Would you print, word for word, only the lines running from the line with "Sternexplosionen in Farbe Uhr (Vorderseite)" to the last line of the entries, without the pictures?

[Opening DATA RECORDS section]

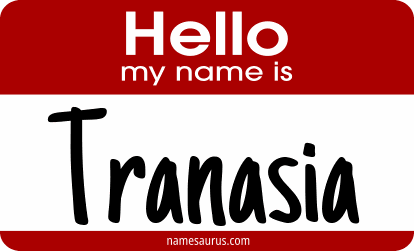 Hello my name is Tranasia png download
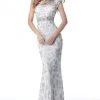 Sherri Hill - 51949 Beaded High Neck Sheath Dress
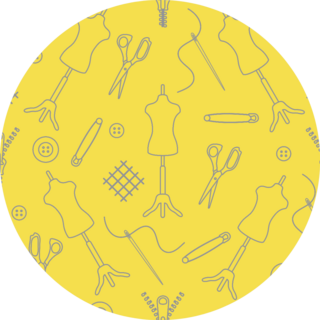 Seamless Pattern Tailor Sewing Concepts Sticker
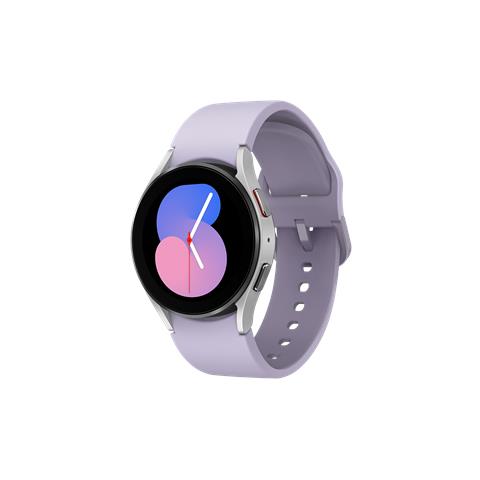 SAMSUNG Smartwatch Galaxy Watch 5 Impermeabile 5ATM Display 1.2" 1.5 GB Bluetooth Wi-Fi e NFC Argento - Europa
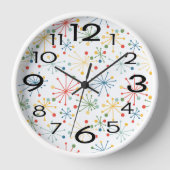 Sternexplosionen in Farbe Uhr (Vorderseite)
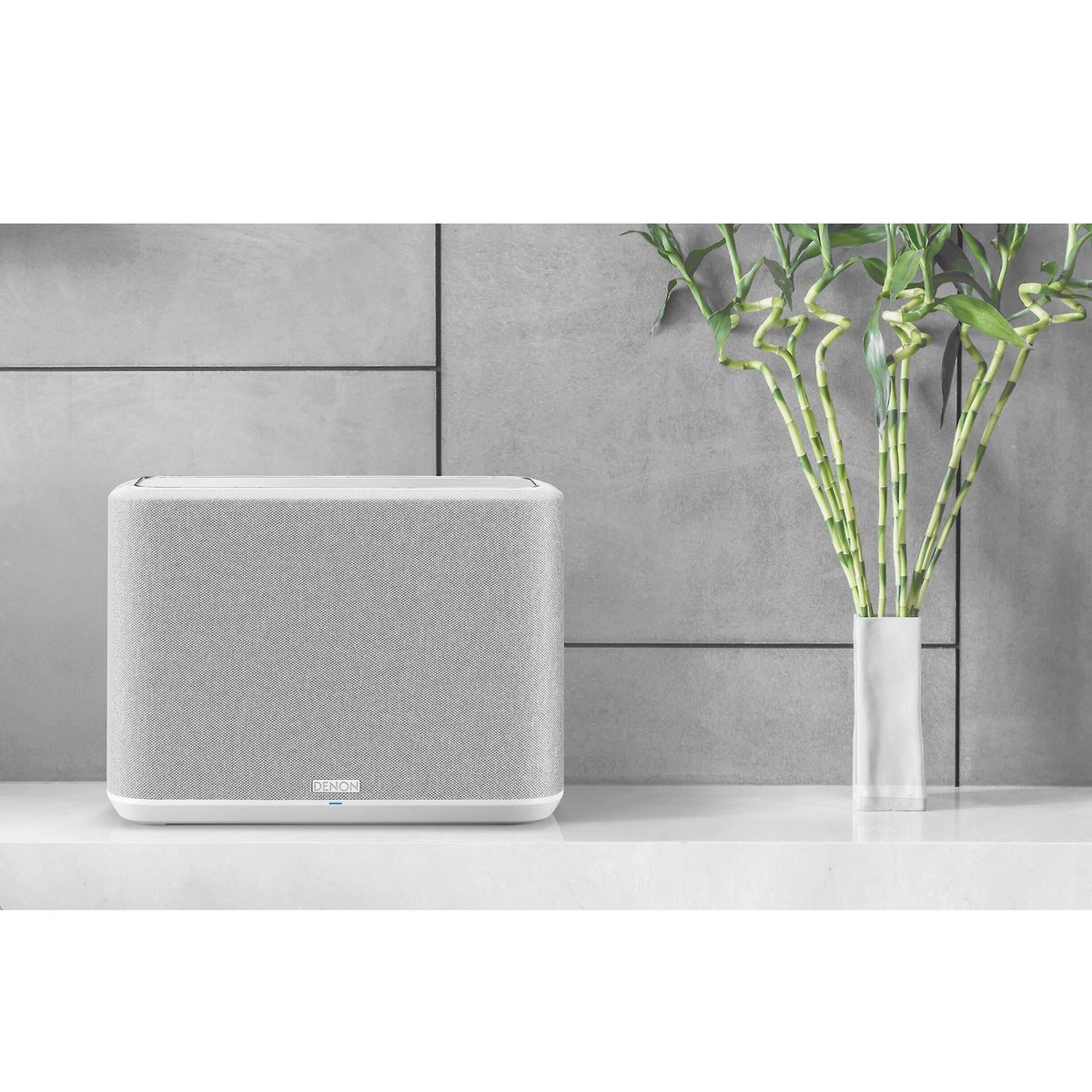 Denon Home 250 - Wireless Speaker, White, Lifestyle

[Closing DATA RECORDS section]

EXERCISE SOLUTION.
 Sternexplosionen in Farbe Uhr (Vorderseite)
 Denon Home 250 - Wireless Speaker, White, Lifestyle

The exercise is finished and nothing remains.